■ Instructions to follow ■
Exactly as written, copy every line from the one containing "[A-019469-9] Favorita Mix" through the end of the records, with the pictures left out.

---- Stored data

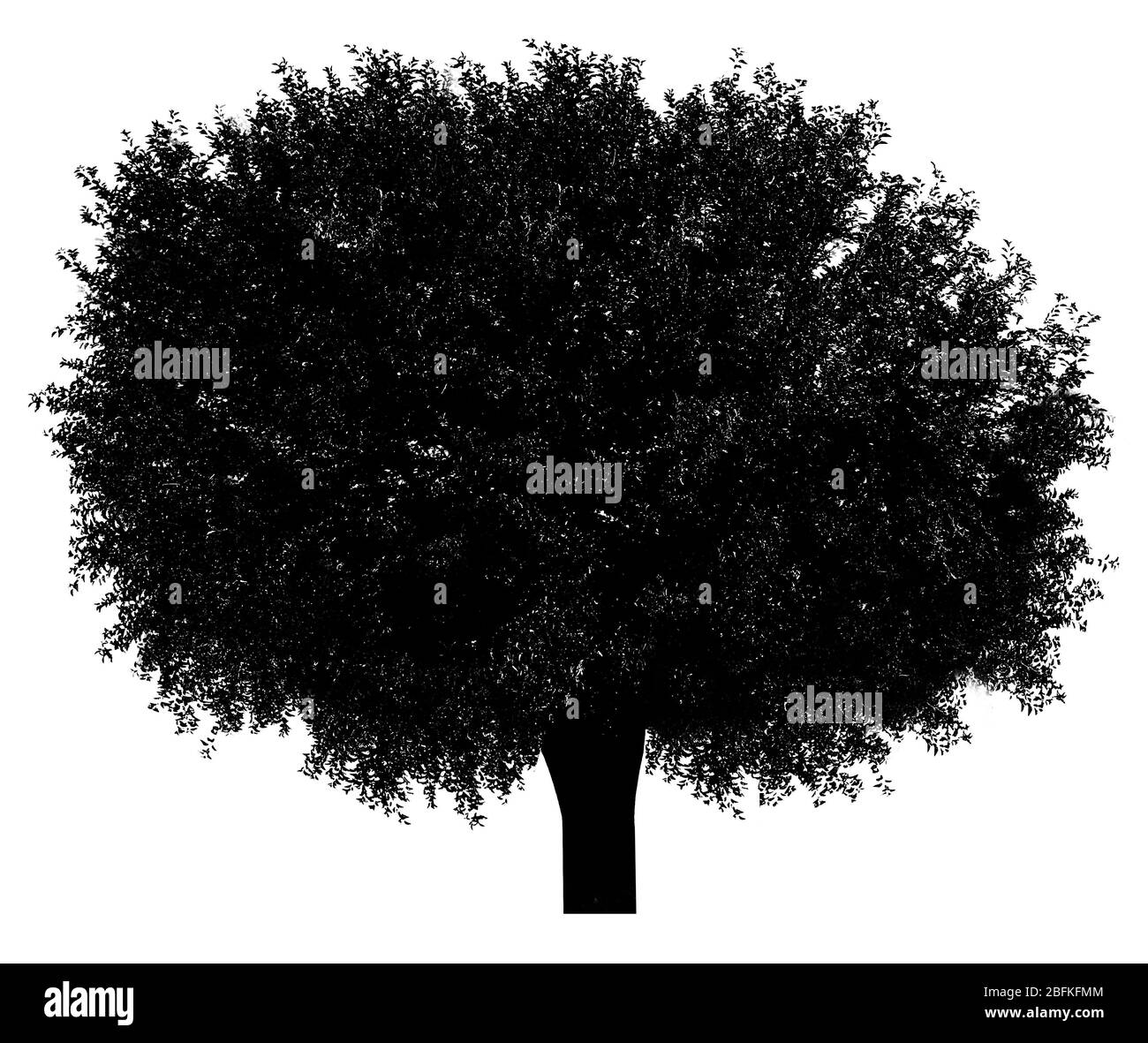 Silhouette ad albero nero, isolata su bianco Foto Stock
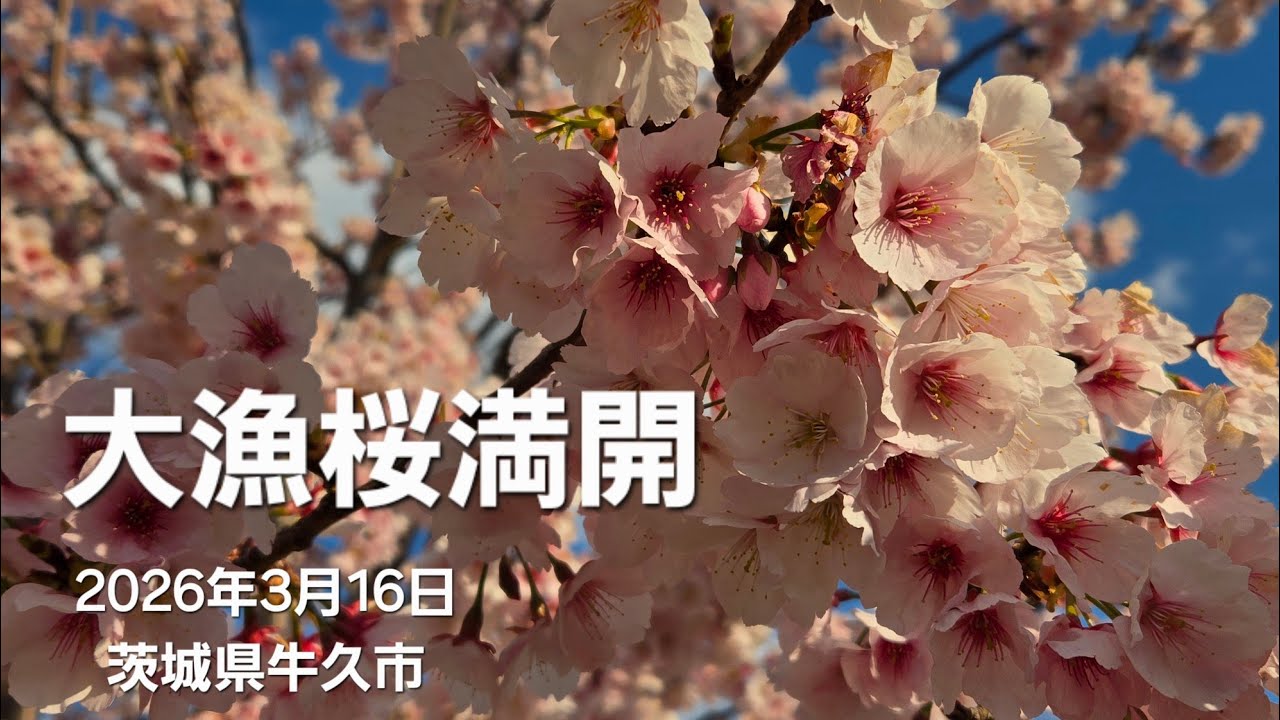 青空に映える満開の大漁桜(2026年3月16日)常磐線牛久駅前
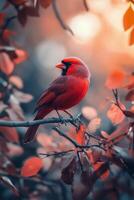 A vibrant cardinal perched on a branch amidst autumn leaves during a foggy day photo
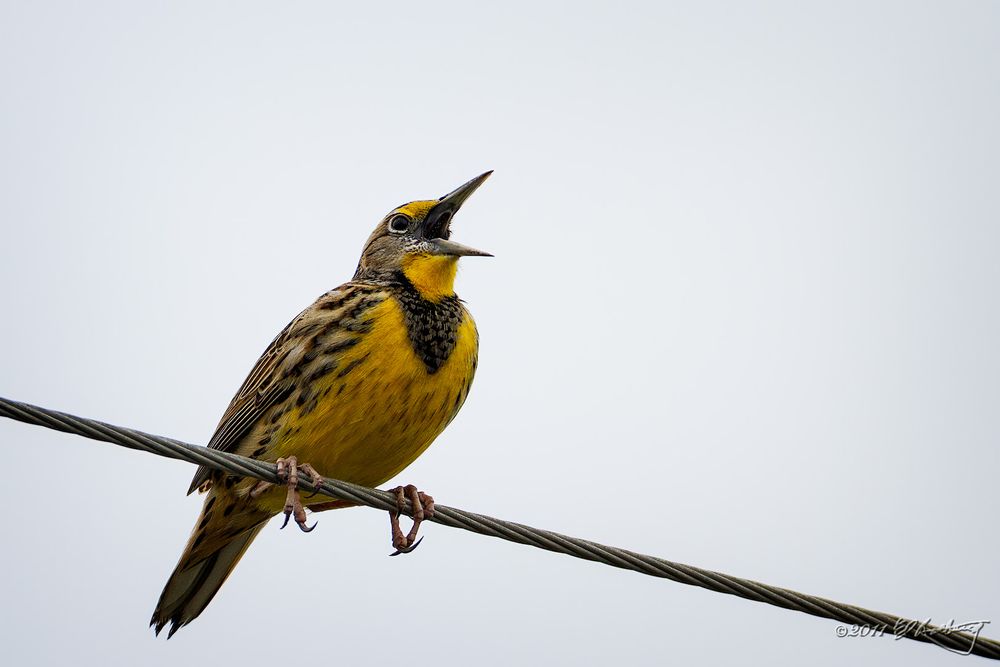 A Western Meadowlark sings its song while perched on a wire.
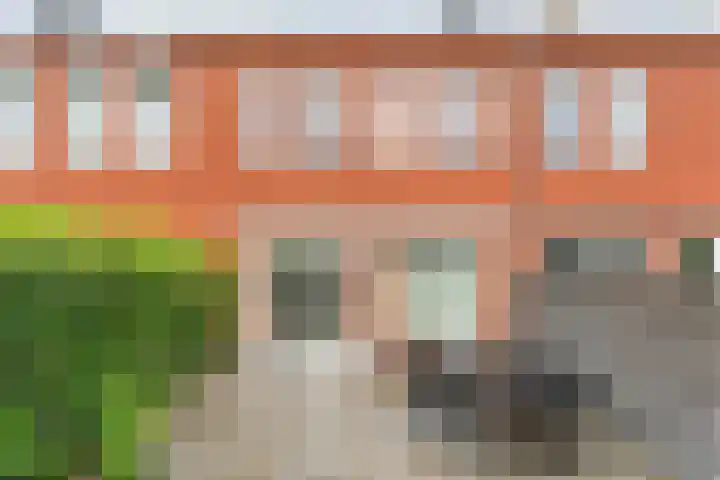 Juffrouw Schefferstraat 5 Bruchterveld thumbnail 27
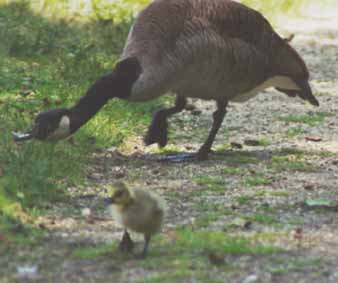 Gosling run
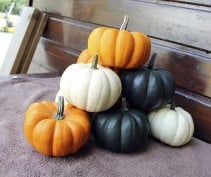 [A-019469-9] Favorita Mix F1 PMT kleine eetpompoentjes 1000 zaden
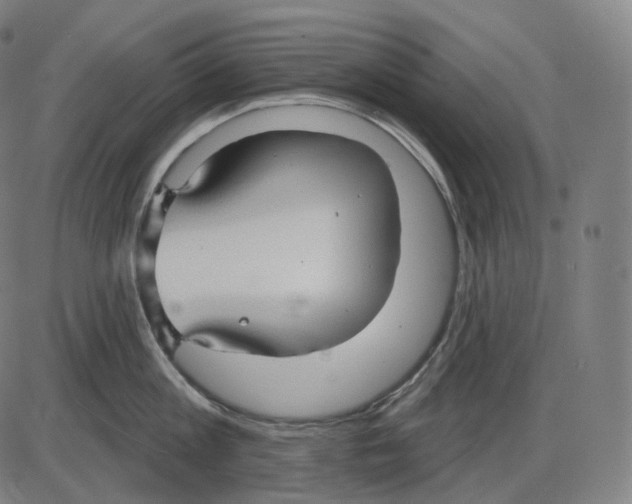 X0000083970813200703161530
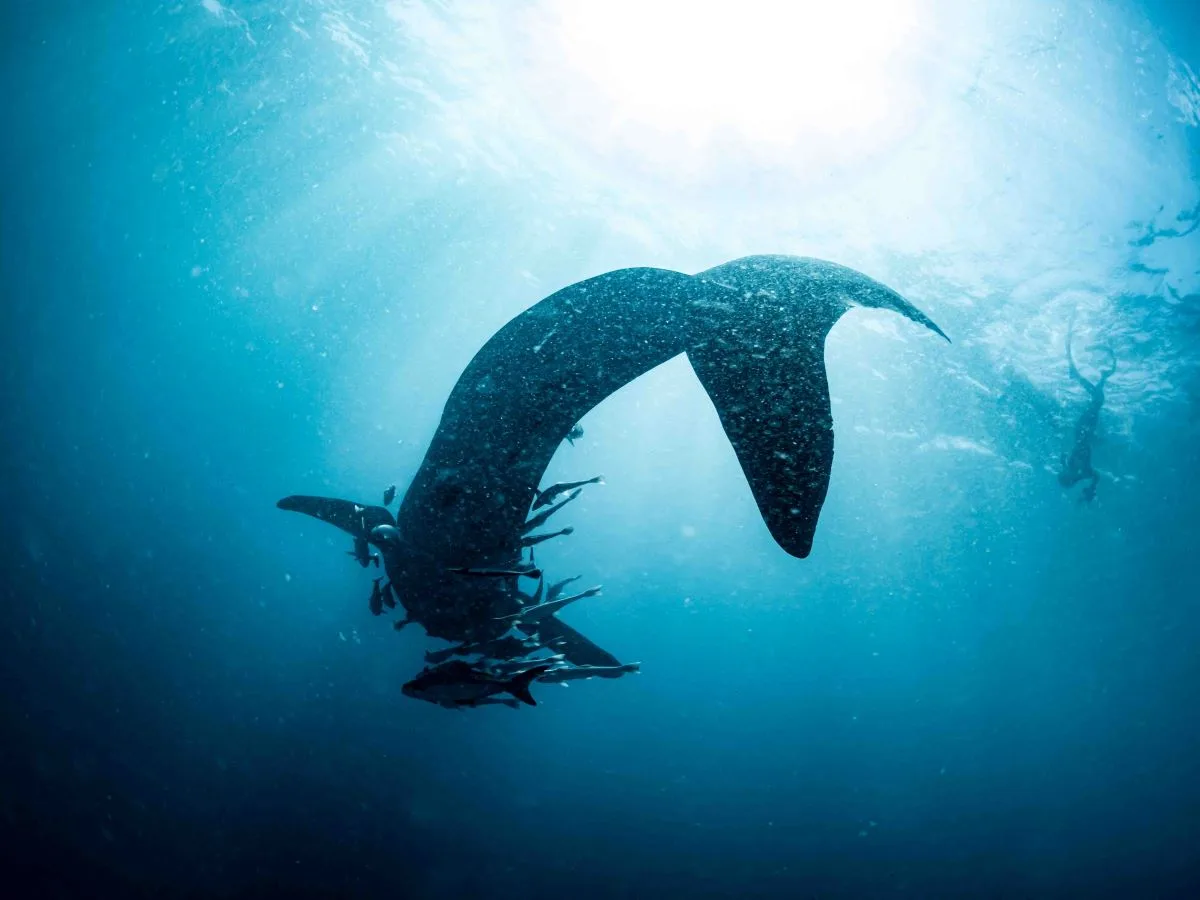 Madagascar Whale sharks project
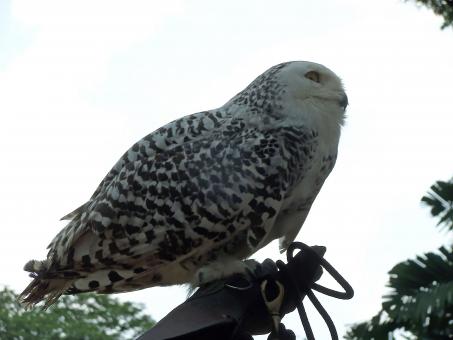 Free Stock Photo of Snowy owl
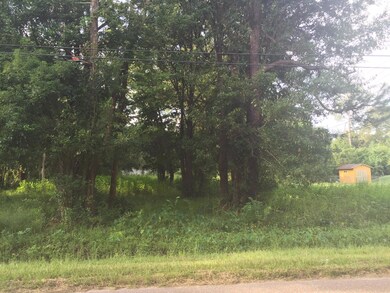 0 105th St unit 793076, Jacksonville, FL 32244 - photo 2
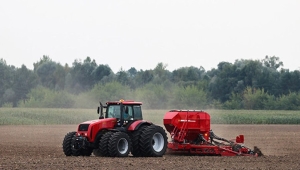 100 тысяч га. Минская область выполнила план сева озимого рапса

--------

■ Final answer ■
 [A-019469-9] Favorita Mix F1 PMT kleine eetpompoentjes 1000 zaden
 X0000083970813200703161530
 Madagascar Whale sharks project
 Free Stock Photo of Snowy owl
 0 105th St unit 793076, Jacksonville, FL 32244 - photo 2
 100 тысяч га. Минская область выполнила план сева озимого рапса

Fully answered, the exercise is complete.